I dati possono essere anche nel log (nel registro) del server utilizzato per lo scambio. Ed essere quindi ottenuti tramite il sequestro del server, cosa non facile però se è posto all'estero. Non è detto inoltre che il log ci sia e sia valido ai fini del processo (potrebbe aver registrato il traffico degli utenti in modo anonimo). Ci sono inoltre programmi peer to peer che permettono di scambiare file senza server di mezzo (per esempio eMule su rete Kad).
"Non mi risulta che in Italia qualcuno sia stato mai condannato dopo un processo completo, per aver fatto peer to peer per scopi personali", dice Andrea Monti, avvocato tra i massimi esperti della questione. Molti hanno pagato la multa perché hanno patteggiato (da 51 a 2.065 euro, secondo la normativa italiana). Altri hanno subito un decreto penale di condanna (come capitato a settembre due utenti della rete peer to peer Direct Connect), a cui hanno poi rinunciato a opporsi. In entrambi i casi, però, si tratta di decisioni precedenti a un effettivo processo dibattuto.
"Gli utenti hanno accettato di pagare perché affrontare un processo di questo tipo costa anche 20-30 mila euro tra spese legali e di consulenza. Molto più di quanto si rischi di multa se si patteggia", aggiunge Monti.
Sarà anche per la difficoltà ad avere vittoria certa in un processo, che i detentori di copyright stanno provando diverse strade per la lotta al peer to peer.
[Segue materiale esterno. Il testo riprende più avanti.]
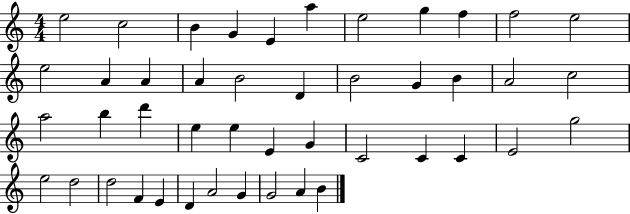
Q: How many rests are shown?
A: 0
Per esempio, la via di far bloccare certi siti oppure di ottenere leggi che obblighino i provider a cancellare gli abbonamenti Internet degli utenti peer to peer. Anche queste sono però strade in salita: è stato appena sospeso il blocco a Pirate Bay; l'Europarlamento qualche giorno fa ha bocciato le politiche anti-peer to peer contenute nel pacchetto di riforma della normativa tlc e ispirate da alcune procedure ideate dal governo francese.